1          This is a claim against the defendant who guaranteed the obligations of the lessee under a lease. The sum claimed is $117,854.18.

The Facts

2          By a Lease dated 25 January 2005 (“the Lease”), 88 Albert Road Pty Ltd (“the Lessor”) leased the premises at Suite 101, 88 Albert Road, South Melbourne (“the premises”) to MNJ Personnel Pty Ltd (“the Lessee”).

3          The Lease provided that the Lessor “shall unless inconsistent with the context mean and include the Lessor, its assigns and successors or other person or persons entitled to the reversion hereunder”.

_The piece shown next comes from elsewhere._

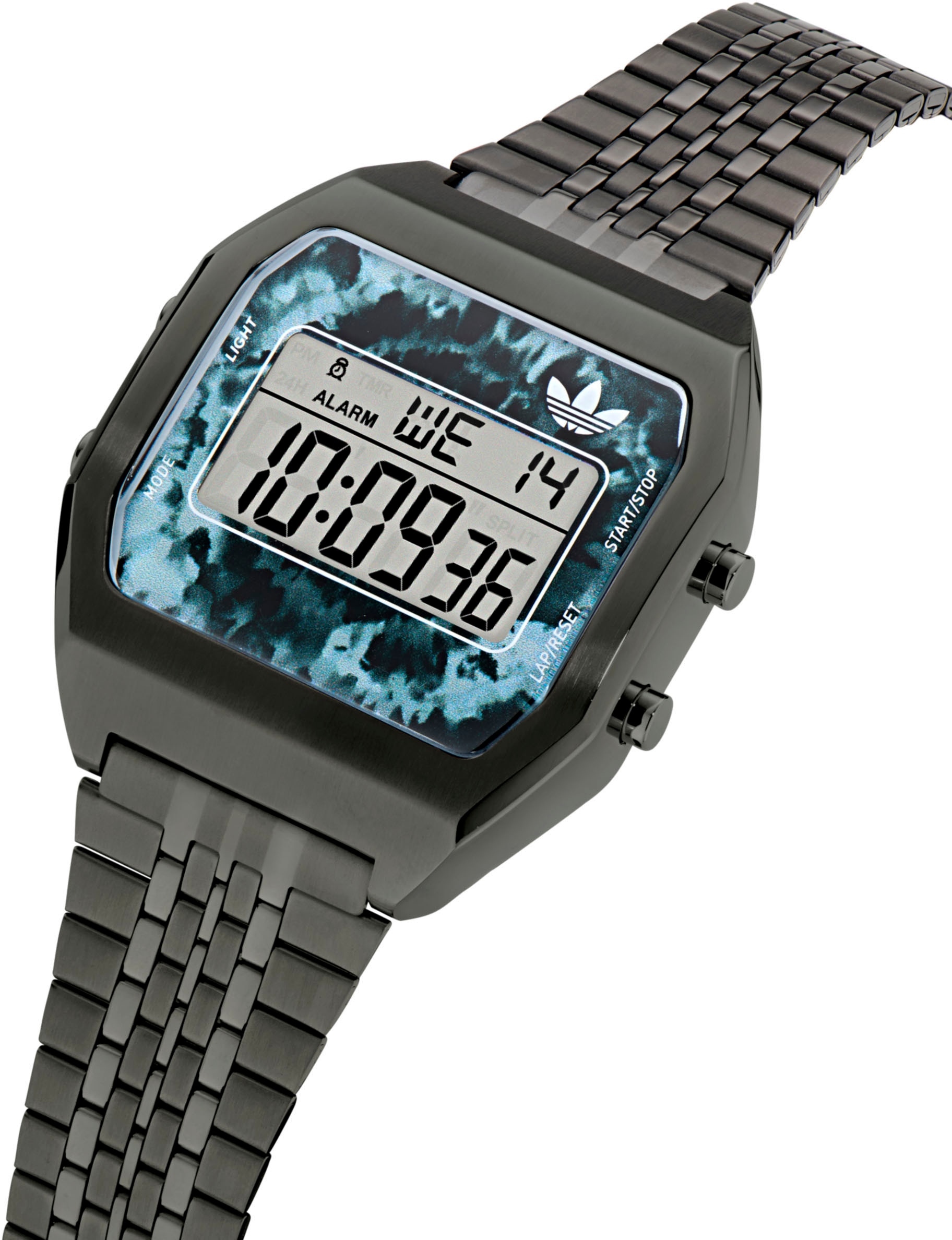 adidas Originals Digitaluhr »DIGITAL TWO«, Quarzuhr, Armbanduhr, Herrenuhr, Damenuhr, unisex, Edelstahlarmband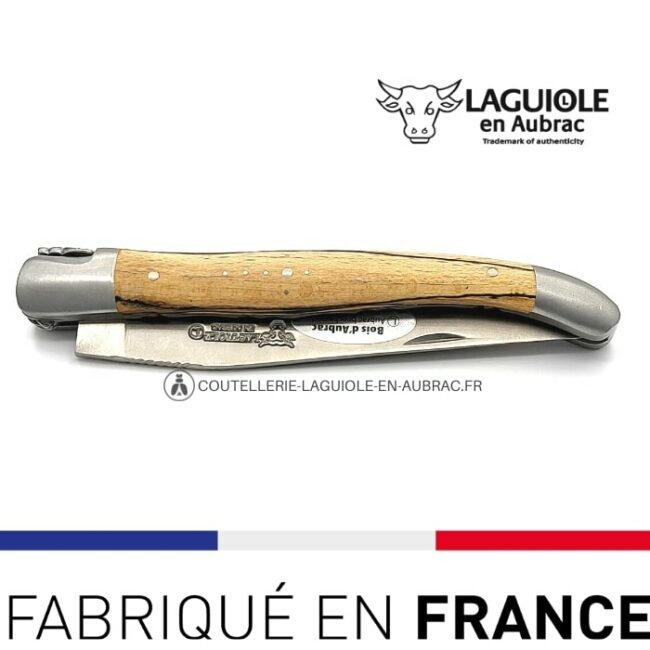 laguiole de poche double platines bois aubrac satiné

4          The Lease was for a term of four years with one option to renew for a further period of four years. The commencement date of the Lease was 14 February 2005. The rental payment under the Lease was $42,365 per annum, i.e., $3,530.41 per month, commencing on 17 June 2005. A car park licence fee of $240 per month was payable from 14 February 2005. There was also a conditional signage licence rental of $16,000 per annum, i.e., $1,333.35 per month. The rental was to be increased by 3.5 per cent at the expiration of every twelve-month period from the commencement date of the Lease. Pursuant to Clause 2.1 of the Lease, the Lessee was required to pay the Lessor 11.56 per cent of the outgoings payable by it on 88 Albert Road.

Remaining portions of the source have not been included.